## The input
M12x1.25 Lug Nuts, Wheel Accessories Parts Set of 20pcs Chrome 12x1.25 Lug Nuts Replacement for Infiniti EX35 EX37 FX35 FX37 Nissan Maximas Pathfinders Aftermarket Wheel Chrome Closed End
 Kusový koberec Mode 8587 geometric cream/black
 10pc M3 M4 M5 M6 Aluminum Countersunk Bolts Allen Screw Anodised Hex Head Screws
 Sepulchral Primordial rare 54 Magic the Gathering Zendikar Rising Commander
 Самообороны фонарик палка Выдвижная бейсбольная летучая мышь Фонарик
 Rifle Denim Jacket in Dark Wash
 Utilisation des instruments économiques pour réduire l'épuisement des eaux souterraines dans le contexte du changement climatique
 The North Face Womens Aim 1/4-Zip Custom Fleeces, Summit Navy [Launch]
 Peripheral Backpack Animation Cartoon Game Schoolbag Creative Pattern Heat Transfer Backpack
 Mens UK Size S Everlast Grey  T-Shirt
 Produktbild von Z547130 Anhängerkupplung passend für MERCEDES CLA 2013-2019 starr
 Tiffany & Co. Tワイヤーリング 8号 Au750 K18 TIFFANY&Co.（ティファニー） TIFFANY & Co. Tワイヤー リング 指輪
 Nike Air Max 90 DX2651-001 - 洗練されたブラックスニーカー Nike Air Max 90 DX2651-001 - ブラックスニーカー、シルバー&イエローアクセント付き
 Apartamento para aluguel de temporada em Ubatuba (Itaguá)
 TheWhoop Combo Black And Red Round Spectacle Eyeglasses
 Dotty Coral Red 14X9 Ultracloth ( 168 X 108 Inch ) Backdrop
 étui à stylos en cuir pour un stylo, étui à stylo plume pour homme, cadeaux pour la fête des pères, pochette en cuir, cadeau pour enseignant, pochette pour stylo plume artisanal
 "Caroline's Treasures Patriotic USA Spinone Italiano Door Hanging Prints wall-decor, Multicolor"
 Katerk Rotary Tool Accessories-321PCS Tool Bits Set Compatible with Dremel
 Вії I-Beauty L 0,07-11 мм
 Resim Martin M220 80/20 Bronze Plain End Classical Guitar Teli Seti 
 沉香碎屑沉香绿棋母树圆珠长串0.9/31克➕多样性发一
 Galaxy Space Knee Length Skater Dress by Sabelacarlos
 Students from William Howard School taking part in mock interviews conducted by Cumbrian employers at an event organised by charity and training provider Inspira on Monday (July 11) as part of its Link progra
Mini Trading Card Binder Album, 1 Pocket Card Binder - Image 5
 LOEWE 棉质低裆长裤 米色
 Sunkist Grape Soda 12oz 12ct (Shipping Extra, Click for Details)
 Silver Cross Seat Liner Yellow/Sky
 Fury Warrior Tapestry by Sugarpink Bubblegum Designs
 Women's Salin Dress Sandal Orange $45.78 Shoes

## Required action
The response should consist only of the lines running from the one that contains "Produktbild von Z547130" through the end of the material, repeated exactly.

## Answer area
 Produktbild von Z547130 Anhängerkupplung passend für MERCEDES CLA 2013-2019 starr
 Tiffany & Co. Tワイヤーリング 8号 Au750 K18 TIFFANY&Co.（ティファニー） TIFFANY & Co. Tワイヤー リング 指輪
 Nike Air Max 90 DX2651-001 - 洗練されたブラックスニーカー Nike Air Max 90 DX2651-001 - ブラックスニーカー、シルバー&イエローアクセント付き
 Apartamento para aluguel de temporada em Ubatuba (Itaguá)
 TheWhoop Combo Black And Red Round Spectacle Eyeglasses
 Dotty Coral Red 14X9 Ultracloth ( 168 X 108 Inch ) Backdrop
 étui à stylos en cuir pour un stylo, étui à stylo plume pour homme, cadeaux pour la fête des pères, pochette en cuir, cadeau pour enseignant, pochette pour stylo plume artisanal
 "Caroline's Treasures Patriotic USA Spinone Italiano Door Hanging Prints wall-decor, Multicolor"
 Katerk Rotary Tool Accessories-321PCS Tool Bits Set Compatible with Dremel
 Вії I-Beauty L 0,07-11 мм
 Resim Martin M220 80/20 Bronze Plain End Classical Guitar Teli Seti 
 沉香碎屑沉香绿棋母树圆珠长串0.9/31克➕多样性发一
 Galaxy Space Knee Length Skater Dress by Sabelacarlos
 Students from William Howard School taking part in mock interviews conducted by Cumbrian employers at an event organised by charity and training provider Inspira on Monday (July 11) as part of its Link progra
Mini Trading Card Binder Album, 1 Pocket Card Binder - Image 5
 LOEWE 棉质低裆长裤 米色
 Sunkist Grape Soda 12oz 12ct (Shipping Extra, Click for Details)
 Silver Cross Seat Liner Yellow/Sky
 Fury Warrior Tapestry by Sugarpink Bubblegum Designs
 Women's Salin Dress Sandal Orange $45.78 Shoes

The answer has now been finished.